[Web page caption snippets]
┌──

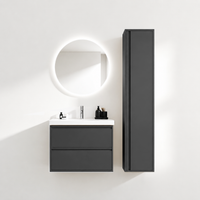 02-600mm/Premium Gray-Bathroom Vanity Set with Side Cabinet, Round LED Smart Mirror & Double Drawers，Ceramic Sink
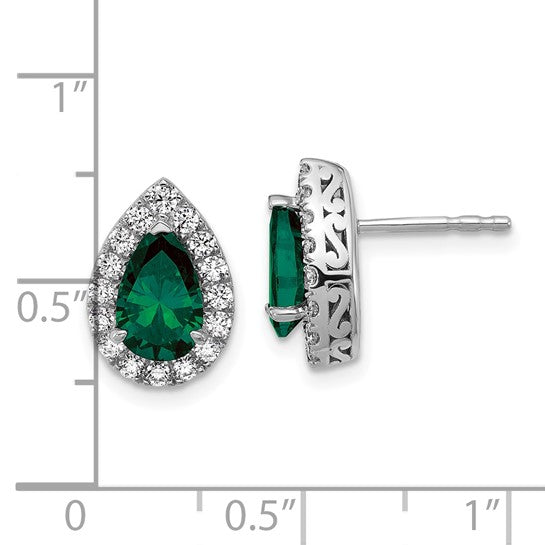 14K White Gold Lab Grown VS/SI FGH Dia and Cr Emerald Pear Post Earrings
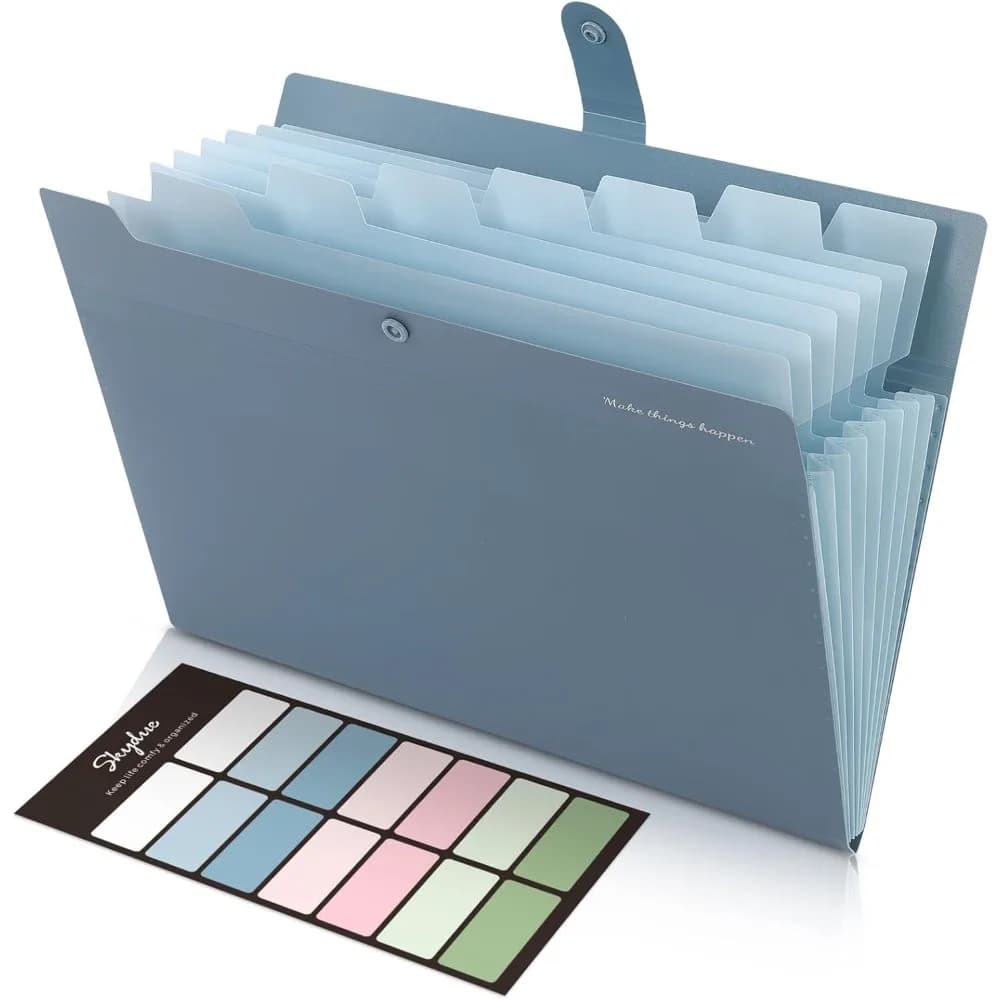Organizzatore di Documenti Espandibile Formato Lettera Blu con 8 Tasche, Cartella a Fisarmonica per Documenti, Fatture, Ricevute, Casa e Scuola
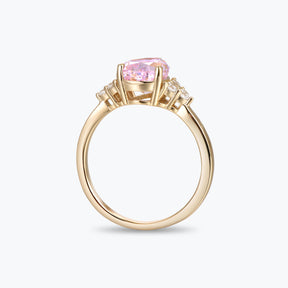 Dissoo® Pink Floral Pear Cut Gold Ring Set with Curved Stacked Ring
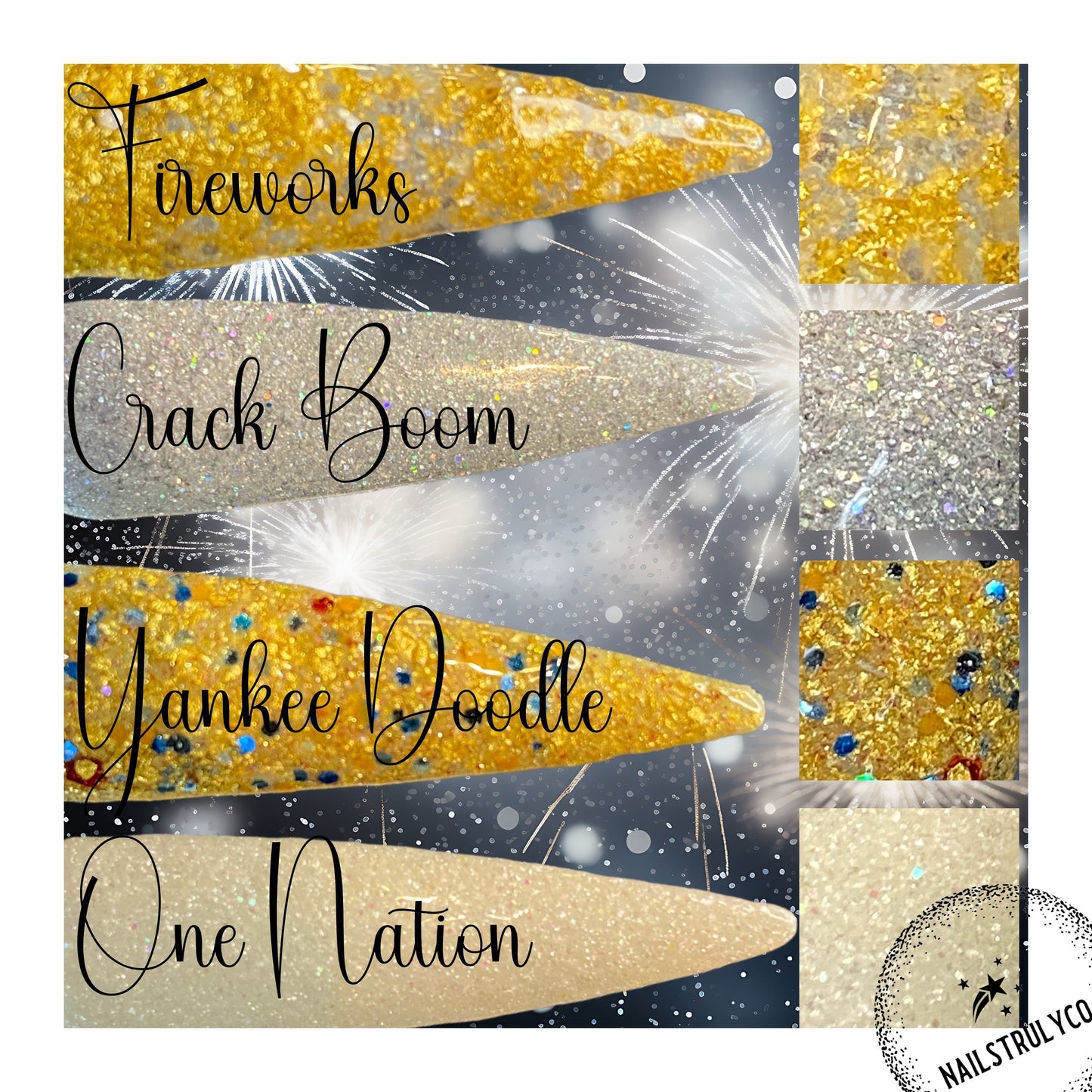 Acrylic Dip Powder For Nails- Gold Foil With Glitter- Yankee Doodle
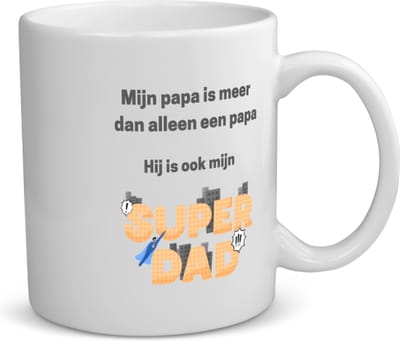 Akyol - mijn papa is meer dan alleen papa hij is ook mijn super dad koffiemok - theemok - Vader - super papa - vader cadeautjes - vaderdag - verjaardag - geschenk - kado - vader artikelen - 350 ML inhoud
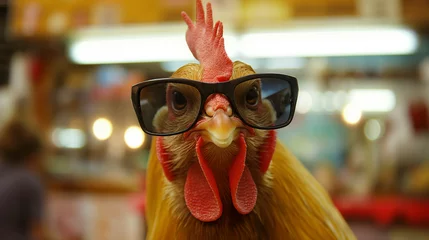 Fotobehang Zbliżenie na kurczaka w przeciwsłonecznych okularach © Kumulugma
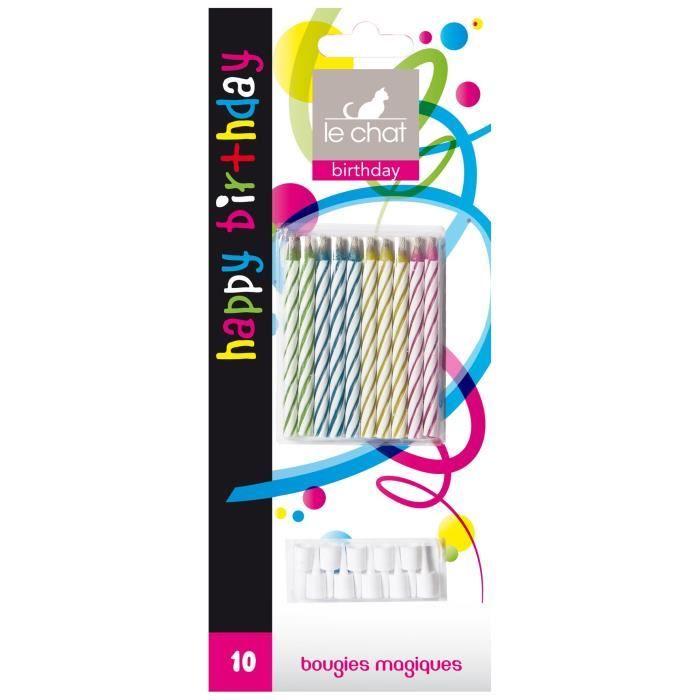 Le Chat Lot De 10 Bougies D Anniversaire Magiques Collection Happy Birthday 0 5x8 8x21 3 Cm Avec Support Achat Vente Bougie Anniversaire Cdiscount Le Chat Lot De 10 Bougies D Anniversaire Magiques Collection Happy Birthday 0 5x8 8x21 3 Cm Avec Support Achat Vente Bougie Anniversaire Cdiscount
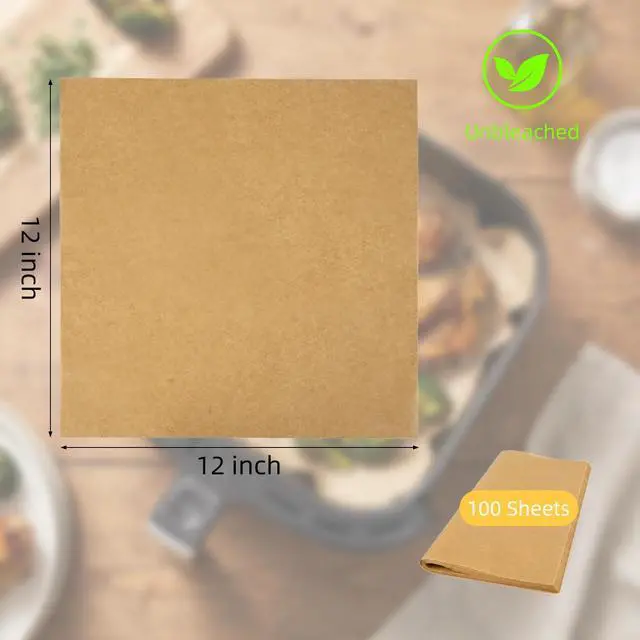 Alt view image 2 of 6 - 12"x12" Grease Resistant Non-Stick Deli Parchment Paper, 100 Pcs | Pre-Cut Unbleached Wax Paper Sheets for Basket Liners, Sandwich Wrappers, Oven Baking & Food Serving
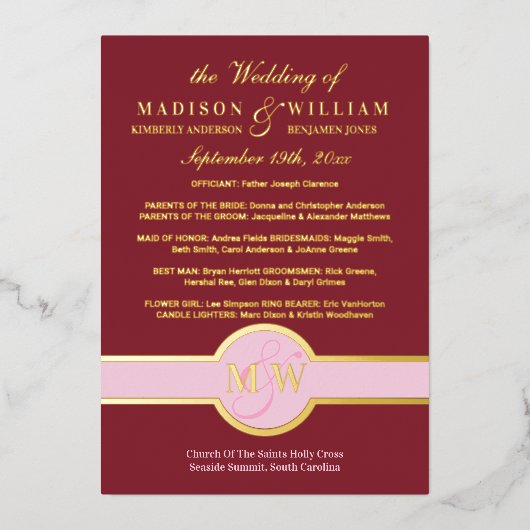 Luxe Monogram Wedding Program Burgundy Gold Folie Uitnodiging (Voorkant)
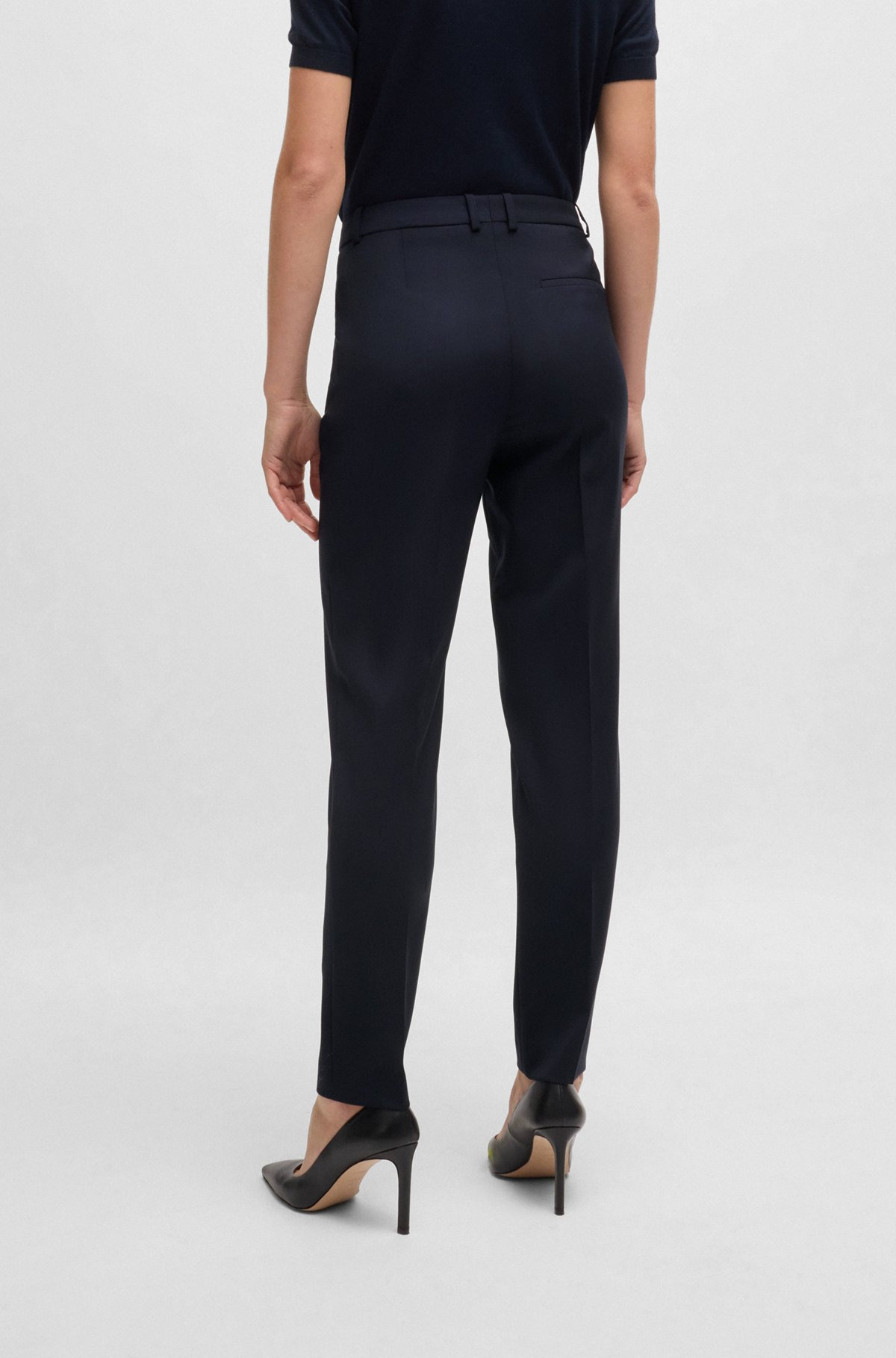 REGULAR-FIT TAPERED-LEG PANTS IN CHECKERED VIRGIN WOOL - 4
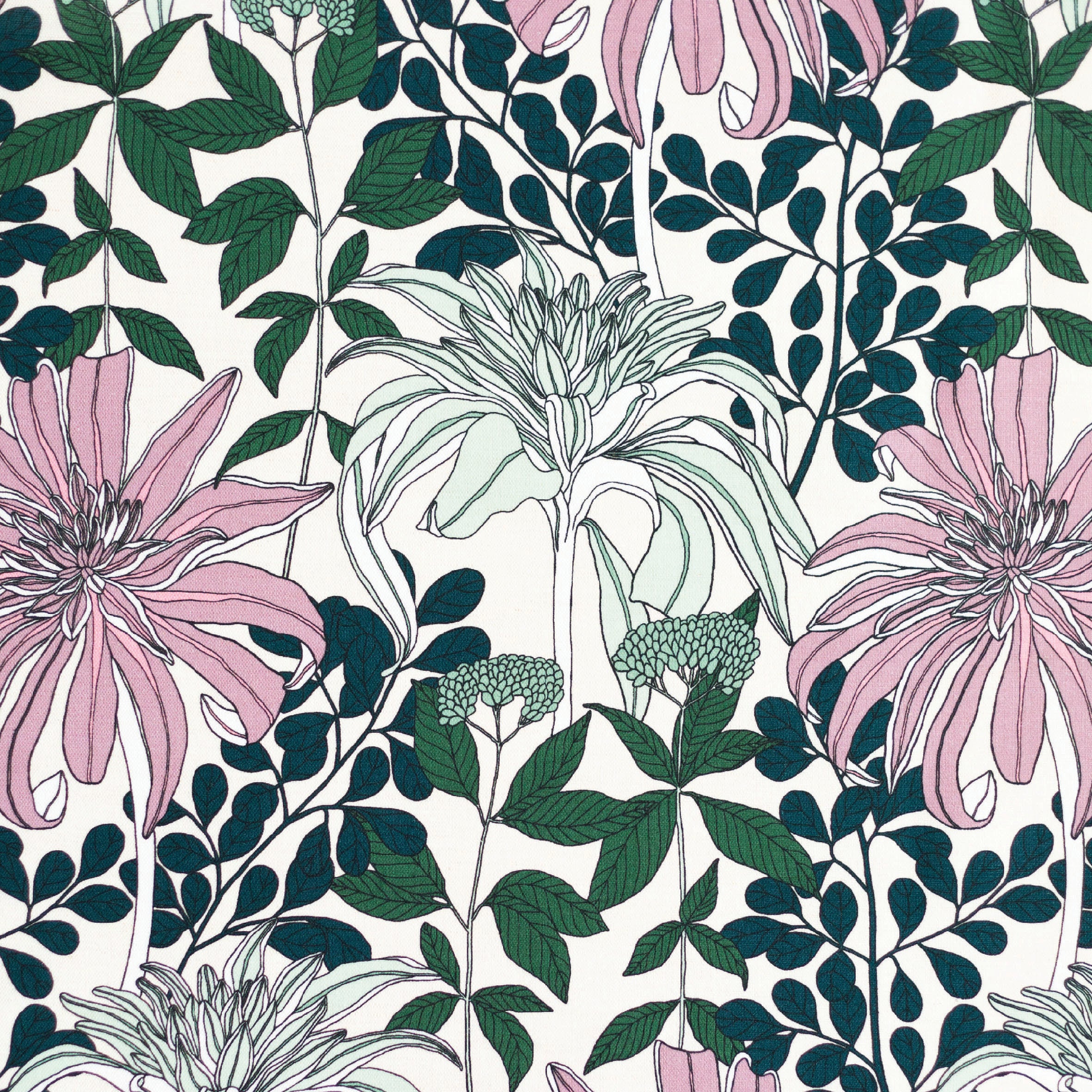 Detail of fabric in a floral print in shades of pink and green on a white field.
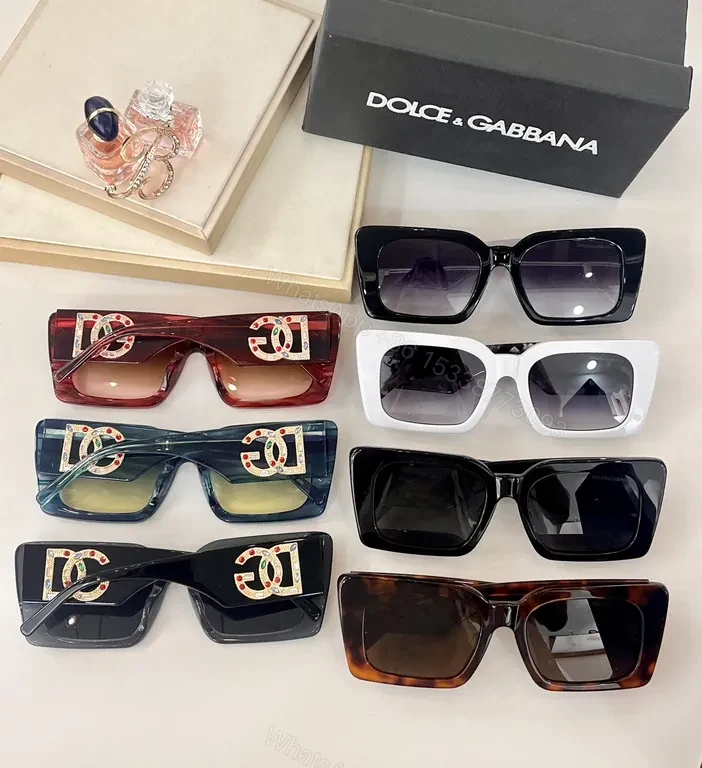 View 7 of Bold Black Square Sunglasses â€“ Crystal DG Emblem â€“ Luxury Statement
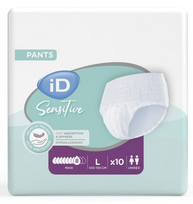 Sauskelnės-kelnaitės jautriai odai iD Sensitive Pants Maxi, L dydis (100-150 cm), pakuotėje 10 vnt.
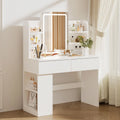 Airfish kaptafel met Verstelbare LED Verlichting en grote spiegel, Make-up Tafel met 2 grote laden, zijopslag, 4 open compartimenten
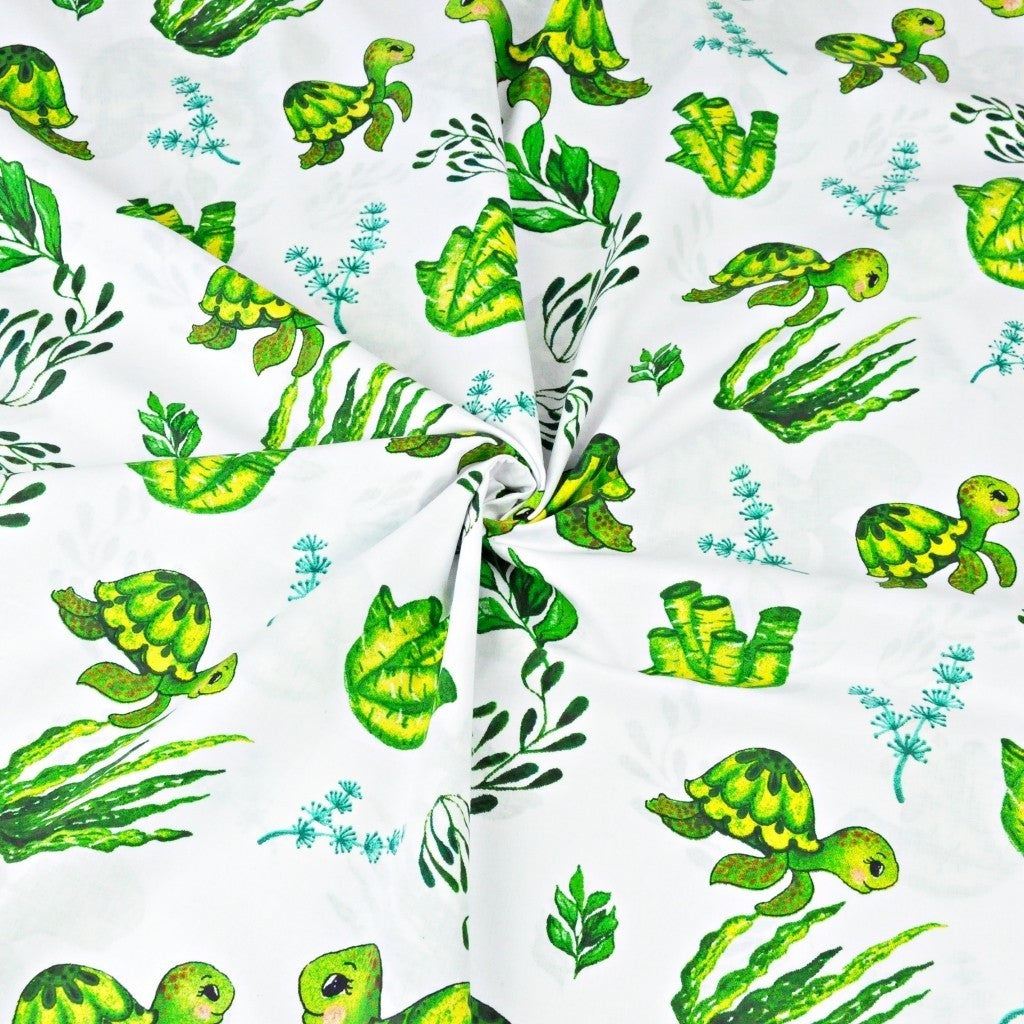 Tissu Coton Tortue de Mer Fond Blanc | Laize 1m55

└──

### REQUIREMENT
Restate word for word the lines of the data above that begin at the line with "Anniversaire Cdiscount Le" and end at the line with "REGULAR-FIT TAPERED-LEG PANTS", keeping both ends and dropping every picture.

### SOLVED PROBLEM
 Le Chat Lot De 10 Bougies D Anniversaire Magiques Collection Happy Birthday 0 5x8 8x21 3 Cm Avec Support Achat Vente Bougie Anniversaire Cdiscount Le Chat Lot De 10 Bougies D Anniversaire Magiques Collection Happy Birthday 0 5x8 8x21 3 Cm Avec Support Achat Vente Bougie Anniversaire Cdiscount
 Alt view image 2 of 6 - 12"x12" Grease Resistant Non-Stick Deli Parchment Paper, 100 Pcs | Pre-Cut Unbleached Wax Paper Sheets for Basket Liners, Sandwich Wrappers, Oven Baking & Food Serving
 Luxe Monogram Wedding Program Burgundy Gold Folie Uitnodiging (Voorkant)
 REGULAR-FIT TAPERED-LEG PANTS IN CHECKERED VIRGIN WOOL - 4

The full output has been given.